**Work item:** Starting from the top of the entries below and ending with the line containing "But if you see", restate every line word for word, pictures omitted.

(Records from a data source)
>>>>>
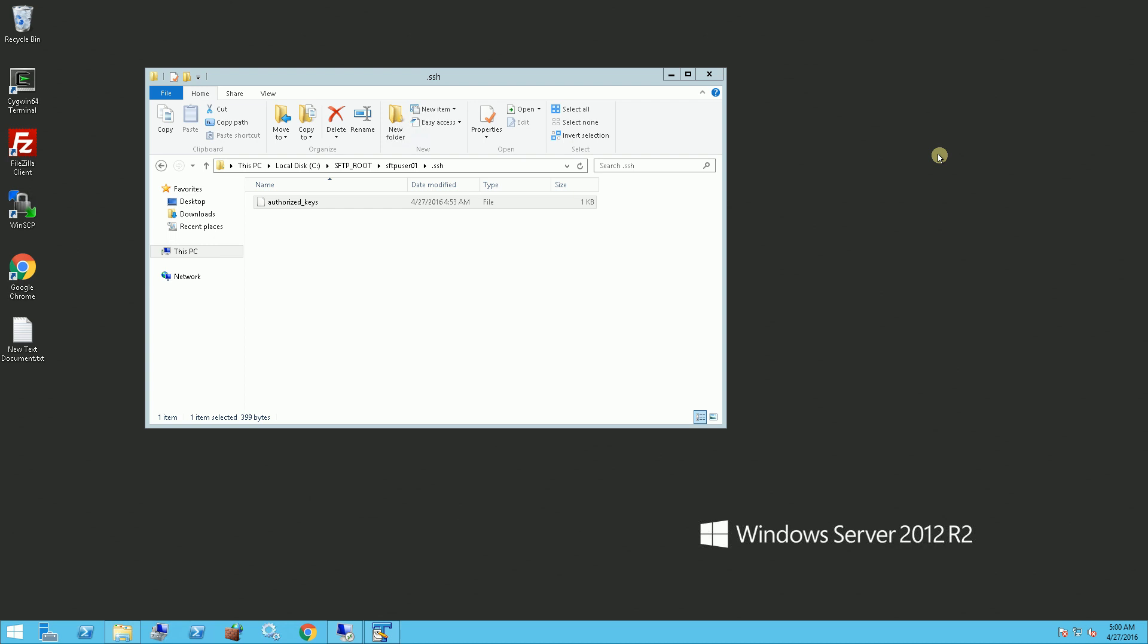Hi, I'm going to demo here how to use WinSCP to generate a public key, private key, and what to do with that public key such that you can log in via an SFTP server without a password.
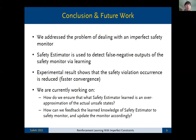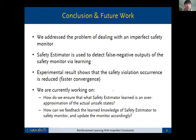In conclusion, we addressed the problem of imperfect safety monitors. Our safety estimator — a separate RL component — detects false negative detections of the safety monitor. Experimental results show our approach accelerates the controller's learning by reducing safety violations. Future work includes ensuring the safety estimator provides an over-approximation of unsafe states and extracting information from it to update the safety monitor.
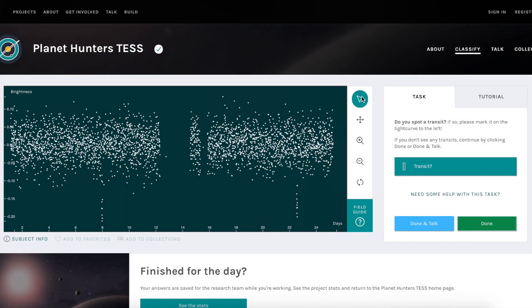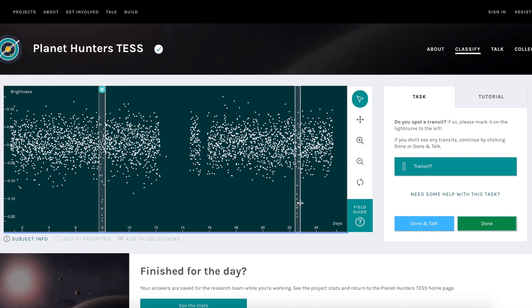In particular, we want to find the planets that the machine and computer algorithms tend to miss. If you're interested in finding planets, head over to planethunters.org, where you'll be shown an image of how the brightness of a star varies over the course of a month. You'll then be asked whether you see a transit, which looks like a dip in the data. If you do see a transit, then you mark it using your mouse by drawing a box over it, which tells the research team where to look for planets.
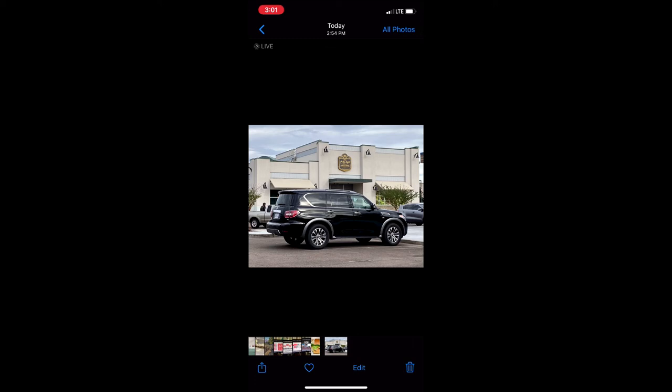So this is just a quick look at how you can use the crop and straighten tool in iOS Photos to edit your photos and make them look a little bit better.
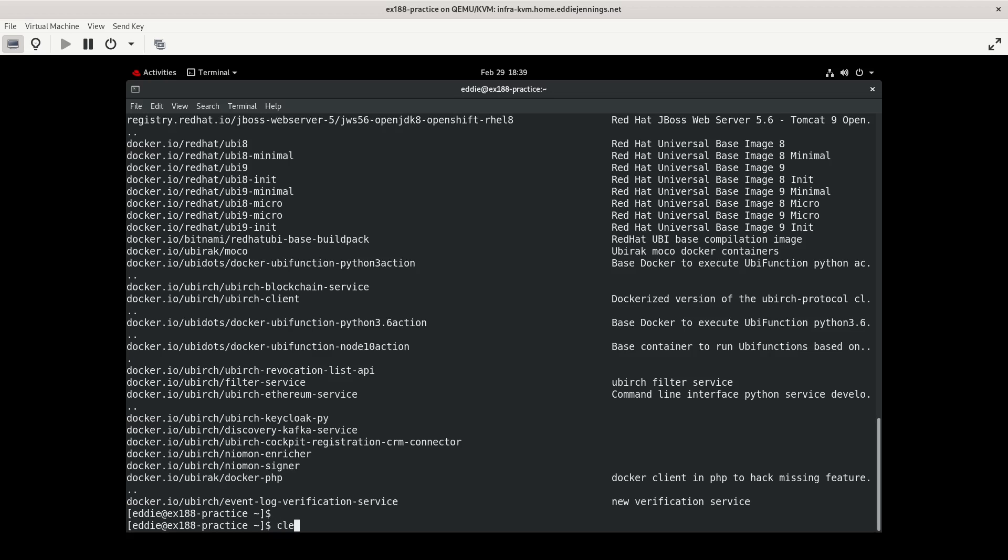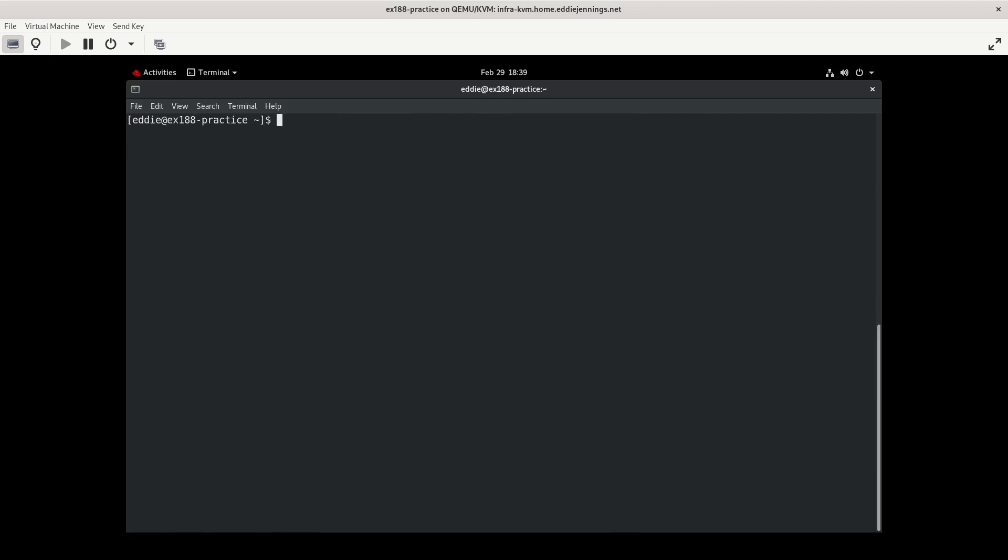But if you see this in the future, know we're in late February 2024. So if you find this years from now and you're studying for EX188, if it still exists, your objectives are probably going to be a little different than what I'm working with.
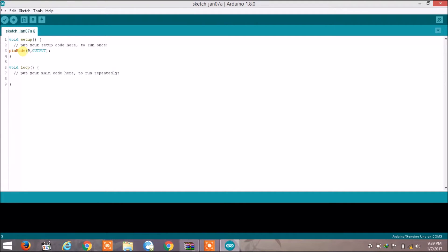Now we write the main code in the loop body. We write digitalWrite — remember W is capital. Also, M is capital in pinMode. We write digitalWrite, then the pin number 9, comma, and what output to generate — either 0 or 1, or you can write HIGH or LOW. HIGH means 1 and LOW means 0. To turn on the LED we write HIGH, close bracket, and semicolon.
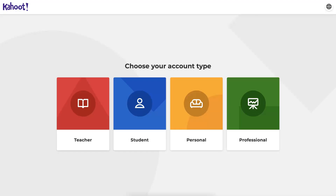Hi, today we're going to talk about Kahoot and what account to get. If you want to get the most out of a Kahoot account, go for the teacher account — even if you're not a teacher, it will make a huge difference.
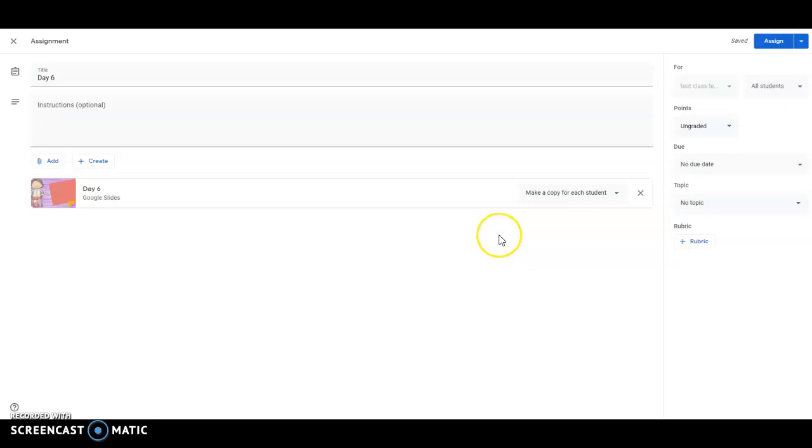So this is going to work whether they're using a computer a tablet or an iPhone as long as they have the Google Slides app on their phone.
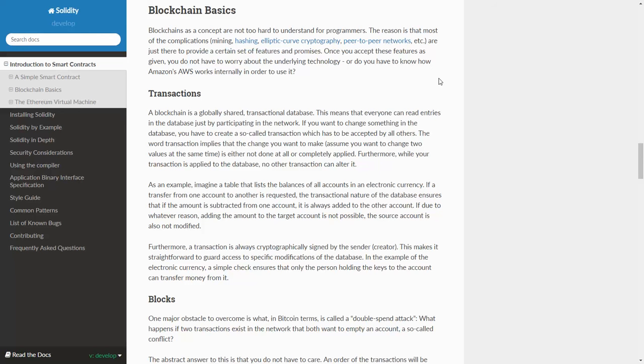Solidity.ReadTheDocs.io Introduction to Smart Contracts Section 3 Blockchain Basics. Blockchains as a concept are not too hard to understand for programmers.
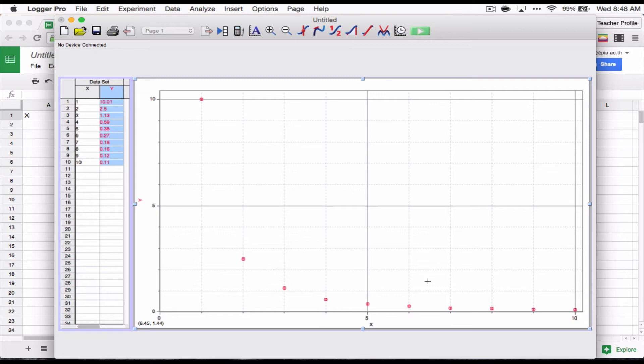For example, we do projectile motion. That's all based on parabolas. It's based on x squared. So do a graph of y equals x squared and try changing some of the parameters on it. Do a quadratic equation.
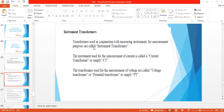Instrument transformers are mainly of two types. The first one is the current transformer and the second is the potential transformer, also called the voltage transformer. Transformers used in conjunction with measuring instruments for measurement purposes are called instrument transformers. The instrument used for measurement of current is called a current transformer, and the transformer used for measurement of voltage is called a voltage transformer.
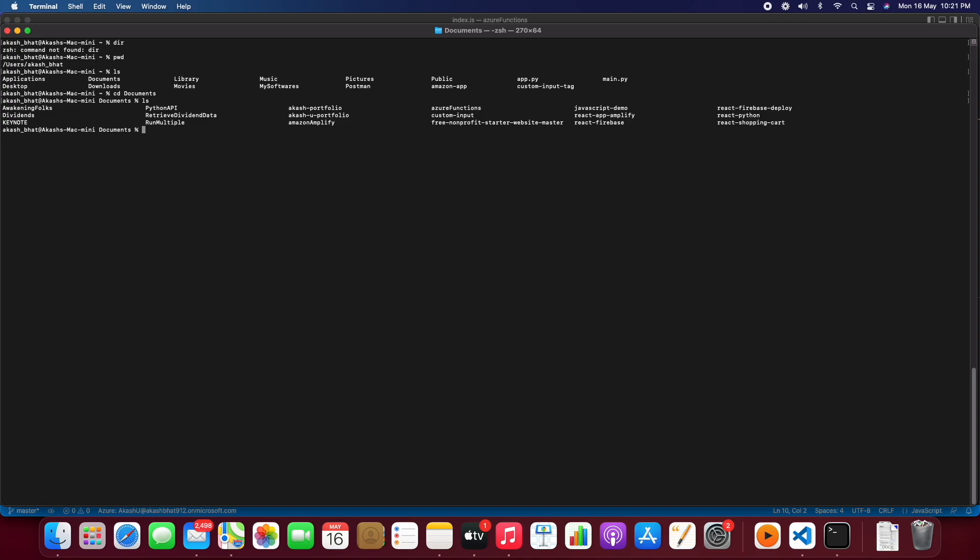So we will just create a new React application. For that we are using npx create-react-app.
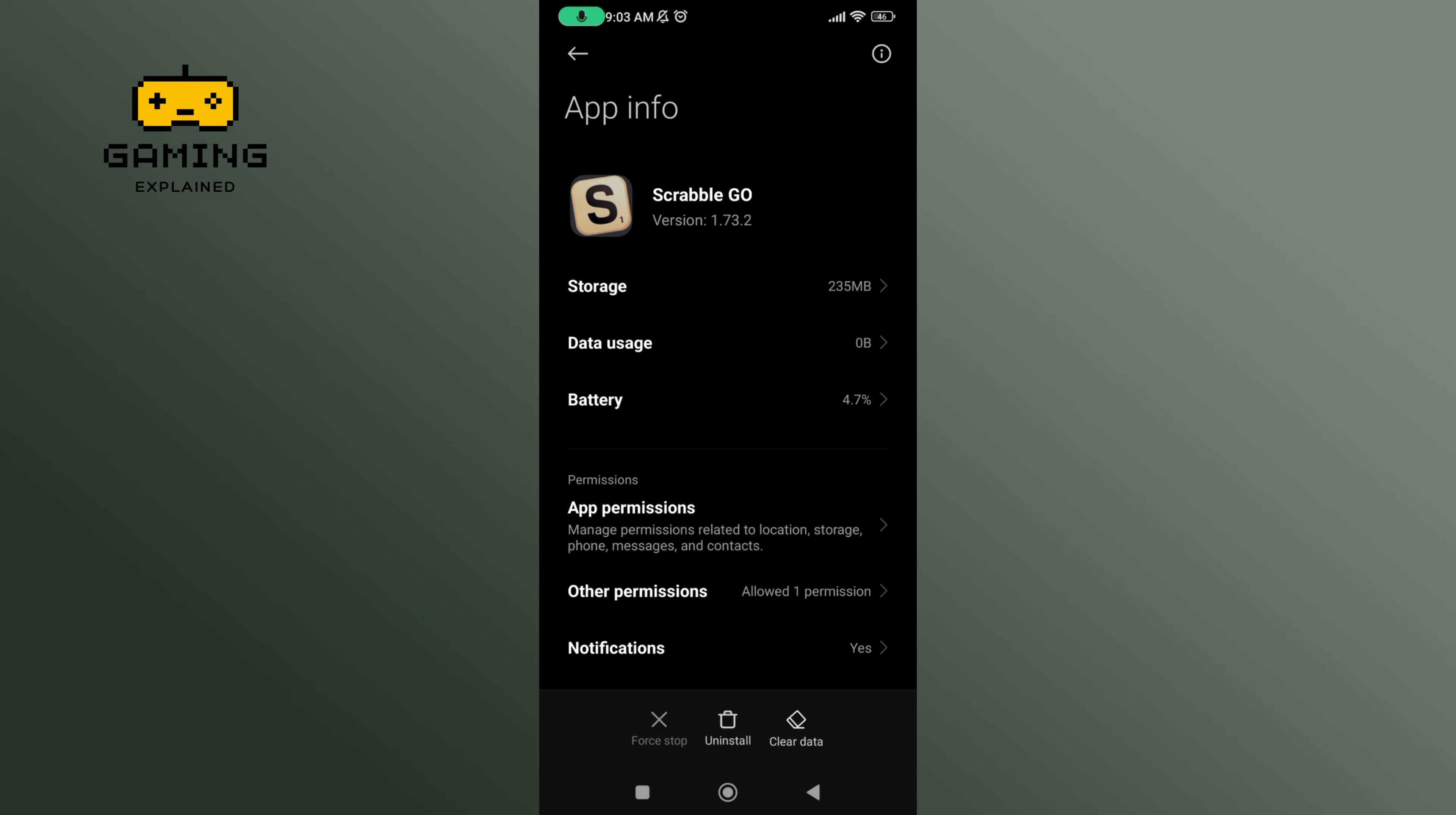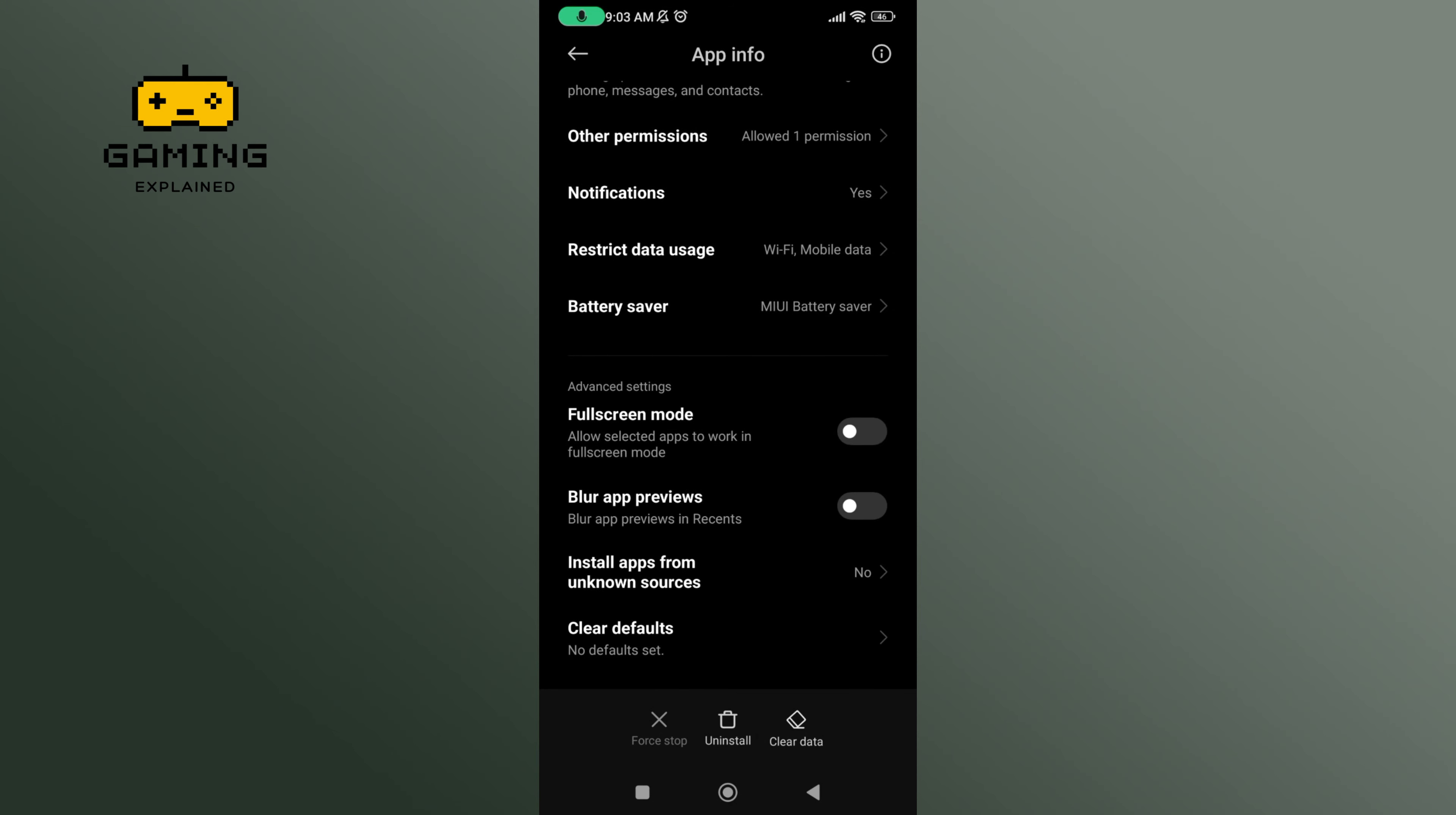Scroll down until you find Full Screen Mode option. To set Scrabble Go to full screen display, enable Full Screen Mode option.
<<<<<
**Exercise result:**
Hi, I'm going to demo here how to use WinSCP to generate a public key, private key, and what to do with that public key such that you can log in via an SFTP server without a password.
In conclusion, we addressed the problem of imperfect safety monitors. Our safety estimator — a separate RL component — detects false negative detections of the safety monitor. Experimental results show our approach accelerates the controller's learning by reducing safety violations. Future work includes ensuring the safety estimator provides an over-approximation of unsafe states and extracting information from it to update the safety monitor.
In particular, we want to find the planets that the machine and computer algorithms tend to miss. If you're interested in finding planets, head over to planethunters.org, where you'll be shown an image of how the brightness of a star varies over the course of a month. You'll then be asked whether you see a transit, which looks like a dip in the data. If you do see a transit, then you mark it using your mouse by drawing a box over it, which tells the research team where to look for planets.
So this is just a quick look at how you can use the crop and straighten tool in iOS Photos to edit your photos and make them look a little bit better.
But if you see this in the future, know we're in late February 2024. So if you find this years from now and you're studying for EX188, if it still exists, your objectives are probably going to be a little different than what I'm working with.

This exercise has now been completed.